Immunité parlementaire en Mauritanie : respectée ou bafouée ?
En Mauritanie, l’article 50 de la Constitution garantit l’immunité parlementaire, protégeant les députés contre poursuites ou arrestations pour opinions ou votes émis en fonctions, sauf flagrant délit et avec autorisation de l’Assemblée .
Ce principe vise à préserver l’indépendance du Parlement face à l’exécutif.

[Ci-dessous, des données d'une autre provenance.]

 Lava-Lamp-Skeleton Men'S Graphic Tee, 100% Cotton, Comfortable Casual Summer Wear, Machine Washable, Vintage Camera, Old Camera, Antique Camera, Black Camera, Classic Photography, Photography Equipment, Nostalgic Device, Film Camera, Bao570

Débats actuels à Tevragh-Zeina !
Les salons politiques de Tevragh-Zeina, quartier des élites à Nouakchott, bruissent de controverses sur ce sujet.

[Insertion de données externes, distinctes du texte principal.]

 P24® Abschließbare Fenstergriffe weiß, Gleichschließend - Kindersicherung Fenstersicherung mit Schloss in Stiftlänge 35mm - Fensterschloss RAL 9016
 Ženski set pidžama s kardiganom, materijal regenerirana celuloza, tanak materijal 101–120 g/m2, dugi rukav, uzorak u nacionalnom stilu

L’opposition accuse le gouvernement de contourner ces protections via des procédures accélérées.
Procédures et critiques !
La loi prévoit une levée d’immunité par l’Assemblée (majorité requise hors sessions via le bureau), comme modifié en 2025 malgré polémiques internes .
Pourtant, des rapports de l’Union. interparlementaire pointent des violations : détentions provisoires sans procès et absence de dialogue constructif avec le Parlement .
Le Conseil constitutionnel a même invalidé des dispositions élargissant l’immunité à certains officiels en août 2025 .
Bilan : entre respect formel et sourde oreille ?
Formellement, les procédures sont suivies (levées validées par le Parlement), mais le gouvernement est souvent taxé de faire la sourde oreille en initiant des poursuites politiques, affaiblissant l’immunité réelle .
Ces débats soulignent un équilibre précaire entre État de droit et pouvoir exécutif dominant.